* [PROBLEM STATEMENT]:
Write out every line exactly, from the start of the records below to the line with "Chloe Women Mini", and stop there. Don't write out the pictures.

* [SUPPLIED MATERIAL]:
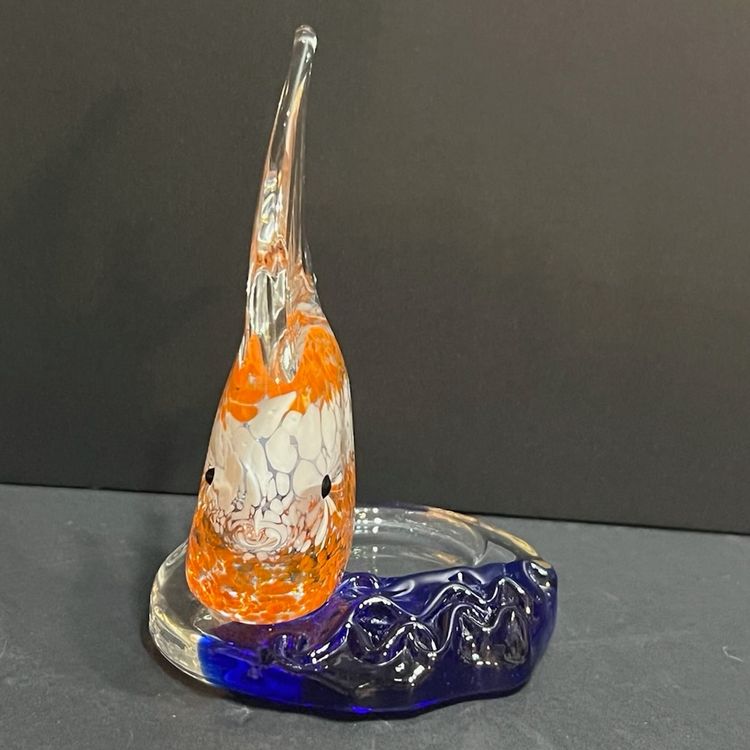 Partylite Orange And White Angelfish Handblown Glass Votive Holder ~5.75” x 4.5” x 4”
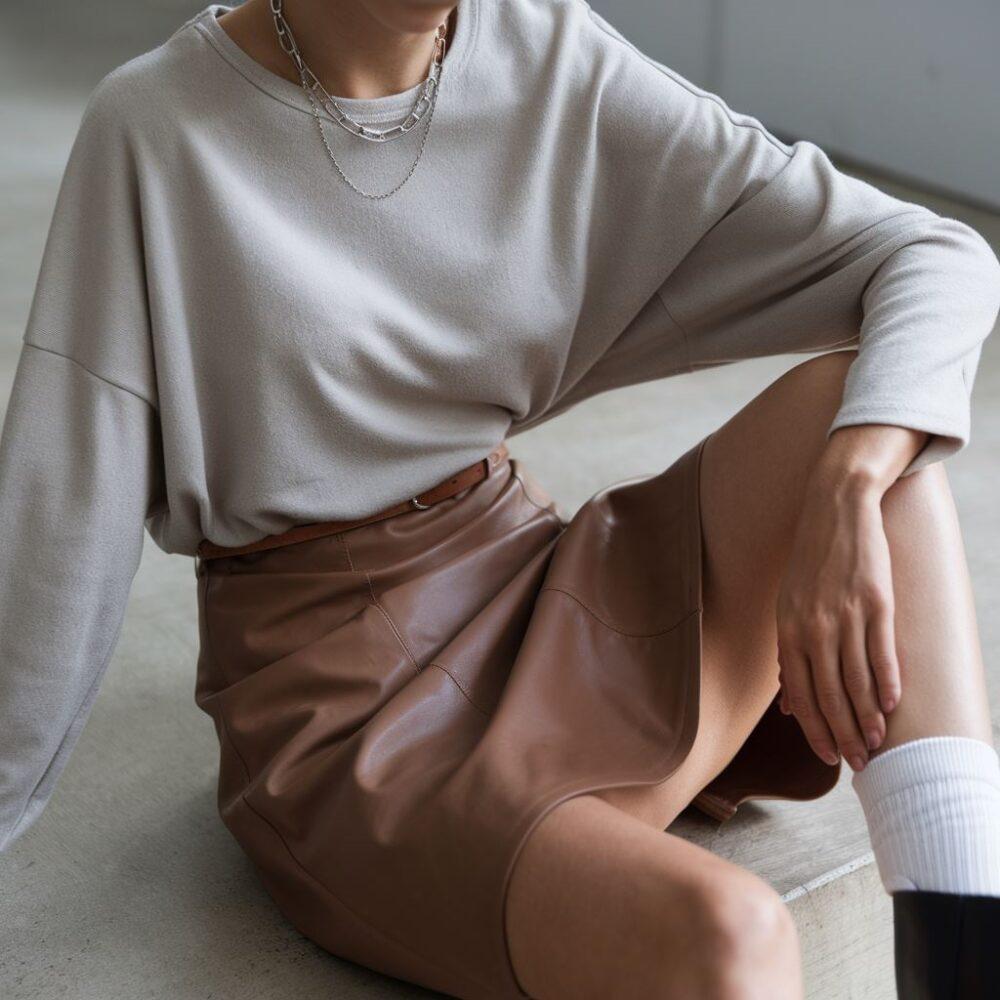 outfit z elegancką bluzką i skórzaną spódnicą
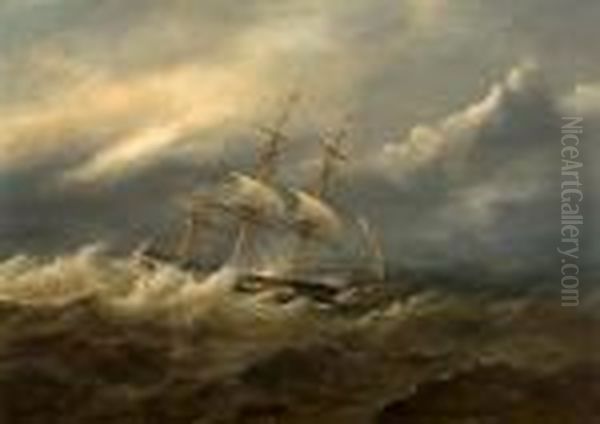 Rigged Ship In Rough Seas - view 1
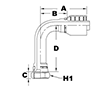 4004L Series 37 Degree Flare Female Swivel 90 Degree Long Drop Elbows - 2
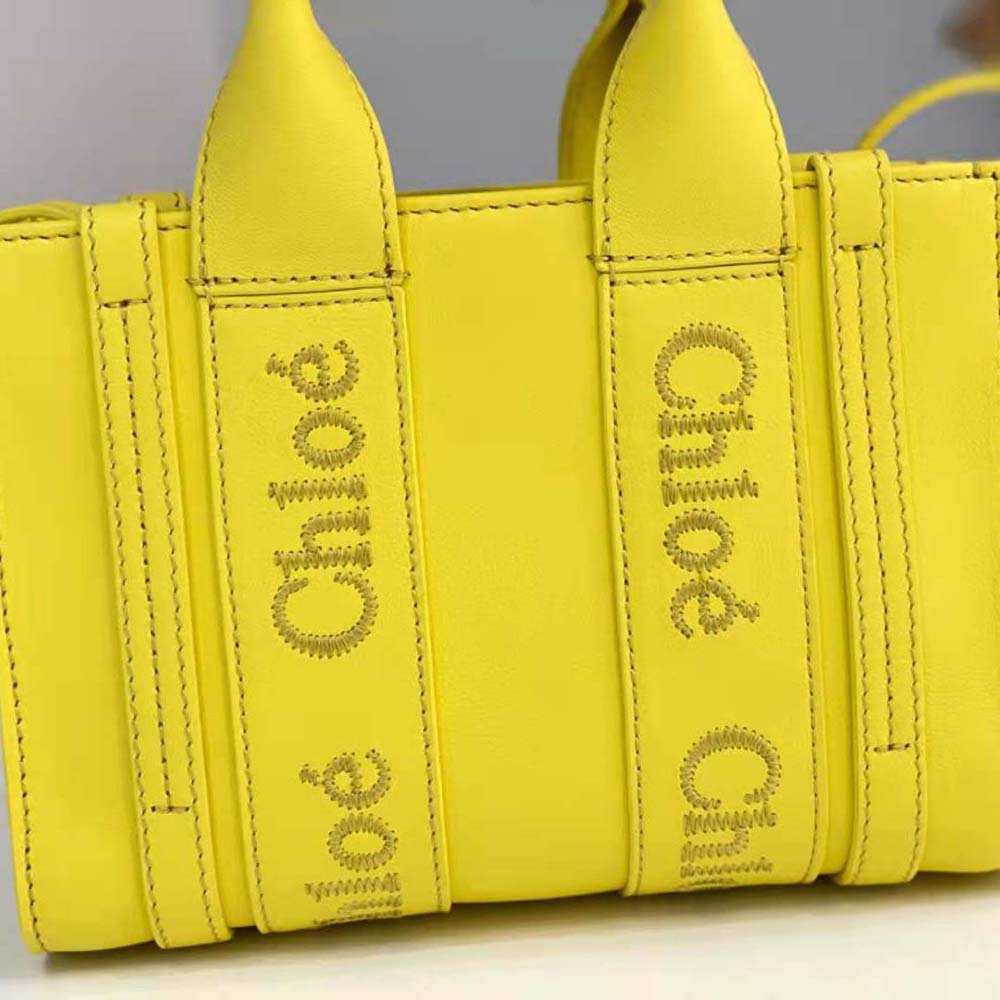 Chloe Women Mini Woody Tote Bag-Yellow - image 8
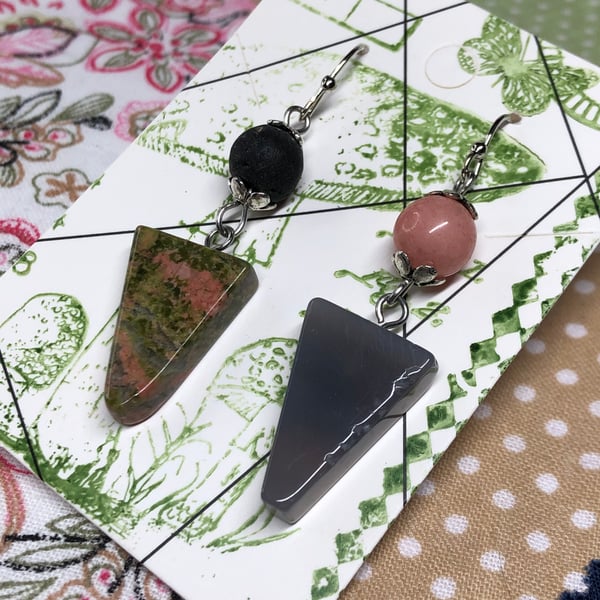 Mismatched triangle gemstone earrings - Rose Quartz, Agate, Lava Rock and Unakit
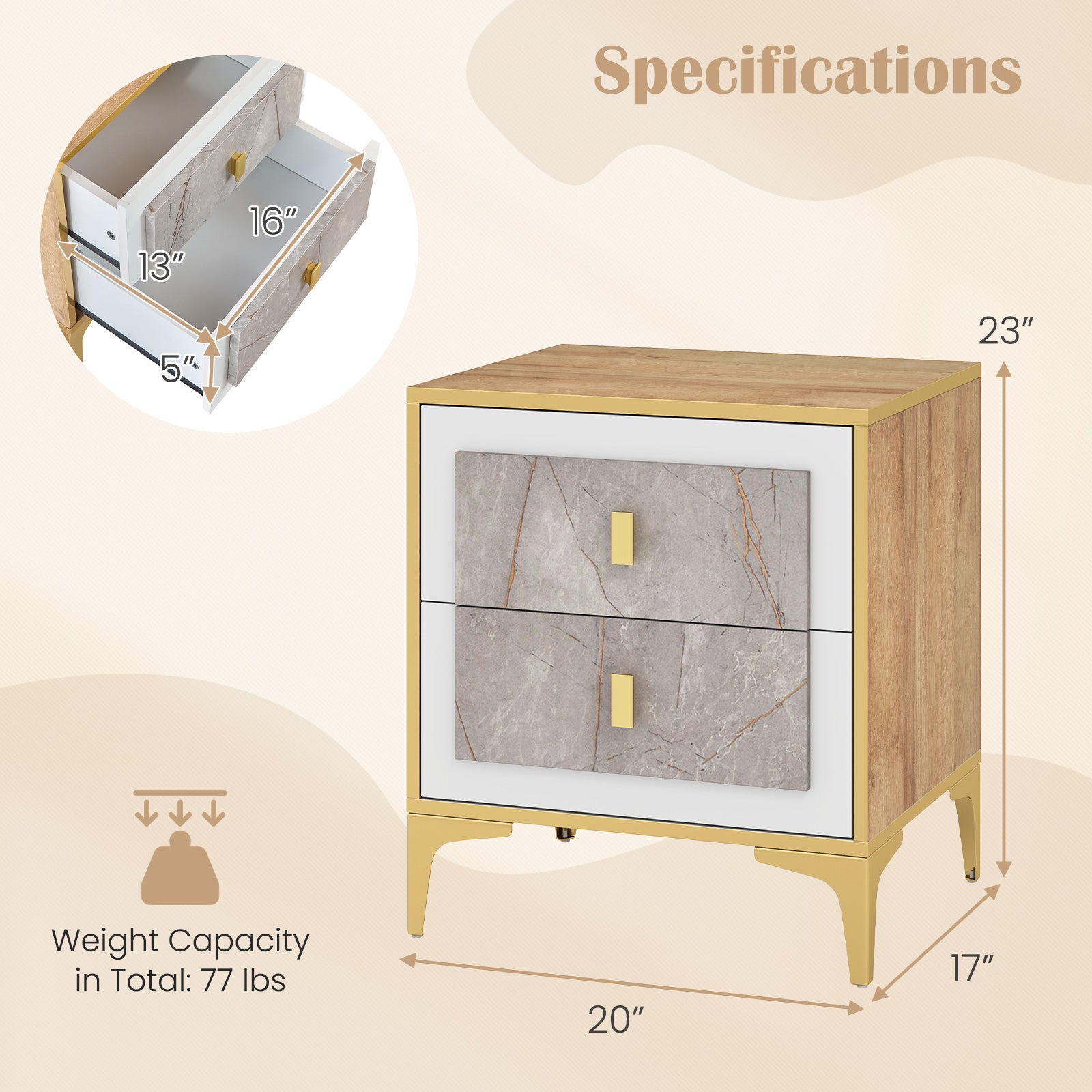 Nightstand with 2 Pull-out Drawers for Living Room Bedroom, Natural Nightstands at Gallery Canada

* [ANSWER BELOW]:
 Partylite Orange And White Angelfish Handblown Glass Votive Holder ~5.75” x 4.5” x 4”
 outfit z elegancką bluzką i skórzaną spódnicą
 Rigged Ship In Rough Seas - view 1
 4004L Series 37 Degree Flare Female Swivel 90 Degree Long Drop Elbows - 2
 Chloe Women Mini Woody Tote Bag-Yellow - image 8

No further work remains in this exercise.